- Microsoft Forefront Threat Management Gateway 2010 management console
- Developer: Microsoft
- Initial release: 1 January 1997
- Final release: 2010 / 10 October 2011; 14 years ago
- Operating system: Windows Server 2008
- Platform: x86-64
- Available in: English, Chinese (Simplified), Chinese (Traditional), French, German, Italian, Japanese, Korean, Portuguese (Brazil), Russian and Spanish
- Type: Router, firewall, antivirus program, VPN server, web cache
- License: Trialware
- Website: www.microsoft.com/tmg

= Microsoft Forefront Threat Management Gateway =

Discontinued security software

Microsoft Forefront Threat Management Gateway (Forefront TMG), formerly known as Microsoft Internet Security and Acceleration Server (ISA Server), is a discontinued network router, firewall, antivirus program, VPN server and web cache from Microsoft Corporation.
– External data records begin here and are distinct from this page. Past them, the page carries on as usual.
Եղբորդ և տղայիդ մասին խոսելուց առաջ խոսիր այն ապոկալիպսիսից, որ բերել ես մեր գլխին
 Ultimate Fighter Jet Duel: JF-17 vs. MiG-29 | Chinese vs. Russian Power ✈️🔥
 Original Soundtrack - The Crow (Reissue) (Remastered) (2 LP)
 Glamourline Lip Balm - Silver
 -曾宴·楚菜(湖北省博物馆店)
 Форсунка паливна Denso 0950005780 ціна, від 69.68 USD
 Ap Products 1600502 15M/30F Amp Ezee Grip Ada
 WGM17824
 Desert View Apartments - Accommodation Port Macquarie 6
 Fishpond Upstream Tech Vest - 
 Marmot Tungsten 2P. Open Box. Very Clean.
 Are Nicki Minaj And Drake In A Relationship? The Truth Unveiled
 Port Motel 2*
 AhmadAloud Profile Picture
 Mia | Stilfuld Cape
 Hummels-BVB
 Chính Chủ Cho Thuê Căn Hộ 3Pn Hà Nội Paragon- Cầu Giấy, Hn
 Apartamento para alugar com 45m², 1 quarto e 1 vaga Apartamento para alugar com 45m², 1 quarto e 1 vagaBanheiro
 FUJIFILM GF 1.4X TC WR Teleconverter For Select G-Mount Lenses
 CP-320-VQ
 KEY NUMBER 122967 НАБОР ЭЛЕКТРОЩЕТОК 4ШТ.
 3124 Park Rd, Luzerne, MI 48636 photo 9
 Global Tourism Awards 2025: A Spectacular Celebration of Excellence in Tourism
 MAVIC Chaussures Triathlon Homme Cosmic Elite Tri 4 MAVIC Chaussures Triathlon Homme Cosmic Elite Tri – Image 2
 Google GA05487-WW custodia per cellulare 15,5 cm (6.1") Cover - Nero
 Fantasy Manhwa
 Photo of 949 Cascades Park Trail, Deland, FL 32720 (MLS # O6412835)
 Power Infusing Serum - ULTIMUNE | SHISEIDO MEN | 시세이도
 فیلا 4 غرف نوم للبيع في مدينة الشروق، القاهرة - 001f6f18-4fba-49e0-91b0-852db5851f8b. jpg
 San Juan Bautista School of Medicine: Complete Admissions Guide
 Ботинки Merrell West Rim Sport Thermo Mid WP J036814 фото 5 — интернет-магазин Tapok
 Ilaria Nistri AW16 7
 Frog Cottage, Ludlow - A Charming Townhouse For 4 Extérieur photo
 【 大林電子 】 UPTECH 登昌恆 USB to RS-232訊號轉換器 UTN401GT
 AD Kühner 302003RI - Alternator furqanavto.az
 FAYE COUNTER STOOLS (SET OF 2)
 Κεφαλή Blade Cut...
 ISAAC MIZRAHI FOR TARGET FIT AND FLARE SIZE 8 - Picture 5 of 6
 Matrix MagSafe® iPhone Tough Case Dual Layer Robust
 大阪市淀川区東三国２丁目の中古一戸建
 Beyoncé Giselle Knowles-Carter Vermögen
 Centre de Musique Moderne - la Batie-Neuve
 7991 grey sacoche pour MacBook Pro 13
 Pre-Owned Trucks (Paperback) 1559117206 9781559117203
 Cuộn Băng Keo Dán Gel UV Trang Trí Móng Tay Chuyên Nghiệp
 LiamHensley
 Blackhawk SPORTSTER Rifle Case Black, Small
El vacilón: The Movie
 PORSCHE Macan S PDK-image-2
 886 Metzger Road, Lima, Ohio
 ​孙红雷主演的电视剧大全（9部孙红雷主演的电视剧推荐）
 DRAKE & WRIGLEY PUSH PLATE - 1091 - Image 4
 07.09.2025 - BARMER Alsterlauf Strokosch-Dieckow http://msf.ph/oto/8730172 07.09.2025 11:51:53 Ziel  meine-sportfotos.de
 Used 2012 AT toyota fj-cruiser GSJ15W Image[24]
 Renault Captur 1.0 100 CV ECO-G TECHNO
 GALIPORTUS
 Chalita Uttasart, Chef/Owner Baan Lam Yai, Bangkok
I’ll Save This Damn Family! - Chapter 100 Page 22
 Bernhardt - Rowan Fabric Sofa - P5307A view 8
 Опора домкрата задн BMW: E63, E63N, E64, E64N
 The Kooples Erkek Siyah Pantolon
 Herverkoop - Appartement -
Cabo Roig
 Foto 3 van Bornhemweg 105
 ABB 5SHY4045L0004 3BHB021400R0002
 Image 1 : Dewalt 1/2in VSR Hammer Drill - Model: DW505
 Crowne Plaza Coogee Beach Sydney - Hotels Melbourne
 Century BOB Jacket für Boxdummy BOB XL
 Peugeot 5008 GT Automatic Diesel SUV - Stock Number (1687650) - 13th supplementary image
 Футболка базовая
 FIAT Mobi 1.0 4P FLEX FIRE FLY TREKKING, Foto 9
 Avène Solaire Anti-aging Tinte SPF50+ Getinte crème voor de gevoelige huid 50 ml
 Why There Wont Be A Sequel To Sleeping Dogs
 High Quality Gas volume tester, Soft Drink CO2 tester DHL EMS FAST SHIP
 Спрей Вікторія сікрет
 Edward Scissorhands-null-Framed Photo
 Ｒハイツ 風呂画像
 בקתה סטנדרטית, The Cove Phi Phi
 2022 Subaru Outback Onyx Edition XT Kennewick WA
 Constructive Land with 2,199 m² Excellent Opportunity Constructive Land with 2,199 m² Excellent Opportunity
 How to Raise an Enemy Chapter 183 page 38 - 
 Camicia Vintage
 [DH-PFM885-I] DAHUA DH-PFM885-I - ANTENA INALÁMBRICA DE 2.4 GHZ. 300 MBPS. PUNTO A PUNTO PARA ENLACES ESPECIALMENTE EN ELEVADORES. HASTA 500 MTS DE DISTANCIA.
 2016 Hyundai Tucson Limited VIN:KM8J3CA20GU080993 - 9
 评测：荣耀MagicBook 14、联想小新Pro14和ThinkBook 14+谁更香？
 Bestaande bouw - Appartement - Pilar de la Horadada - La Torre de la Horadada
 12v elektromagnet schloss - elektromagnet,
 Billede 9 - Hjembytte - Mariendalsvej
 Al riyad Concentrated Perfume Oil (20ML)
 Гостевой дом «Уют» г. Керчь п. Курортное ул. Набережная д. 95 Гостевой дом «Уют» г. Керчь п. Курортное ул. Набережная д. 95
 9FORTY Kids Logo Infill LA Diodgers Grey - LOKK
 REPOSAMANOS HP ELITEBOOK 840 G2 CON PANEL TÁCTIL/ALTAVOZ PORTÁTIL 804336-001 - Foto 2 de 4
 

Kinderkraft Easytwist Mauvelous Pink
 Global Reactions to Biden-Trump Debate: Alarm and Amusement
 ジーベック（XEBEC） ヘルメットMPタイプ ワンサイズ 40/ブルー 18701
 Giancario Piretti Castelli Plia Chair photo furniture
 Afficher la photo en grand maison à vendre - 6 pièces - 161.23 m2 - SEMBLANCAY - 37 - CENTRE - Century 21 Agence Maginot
It ran on Windows Server and works by inspecting all network traffic that passes through it.

==Features==
Microsoft Forefront TMG offers a set of features which include:
1. Routing and remote access features: Microsoft Forefront TMG can act as a router, an Internet gateway, a virtual private network (VPN) server, a network address translation (NAT) server and a proxy server.
2. Security features: Microsoft Forefront TMG is a firewall which can inspect network traffic (including web content, secure web content and emails) and filter out malware, attempts to exploit security vulnerabilities and content that does not match a predefined security policy. In technical sense, Microsoft Forefront TMG offers application layer protection, stateful filtering, content filtering and anti-malware protection.
3. Network performance features: Microsoft Forefront TMG can also improve network performance: It can compress web traffic to improve communication speed. It also offers web caching: It can cache frequently-accessed web content so that users can access them faster from the local network cache. Microsoft Forefront TMG 2010 can also cache data received through Background Intelligent Transfer Service, such as updates of software published on Microsoft Update website.

==History==

===Microsoft Proxy Server===
The Microsoft Forefront Threat Management Gateway product line originated with Microsoft Proxy Server. Developed under the code-name "Catapult", Microsoft Proxy Server v1.0 was first launched in January 1997, and was designed to run on Windows NT 4.0. Microsoft Proxy Server v1.0 was a basic product designed to provide Internet Access for clients in a LAN Environment via TCP/IP. Support was also provided for IPX/SPX networks (primarily used in legacy Novell NetWare environments), through a WinSock translation/tunnelling client which allowed TCP/IP applications, such as web browsers, to operate transparently without any TCP/IP on the wire. Although well-integrated into Windows NT4, Microsoft Proxy Server v1.0 only had basic functionality, and came in only one edition. Extended support for Microsoft Proxy Server v1.0 ended on 31 March 2002.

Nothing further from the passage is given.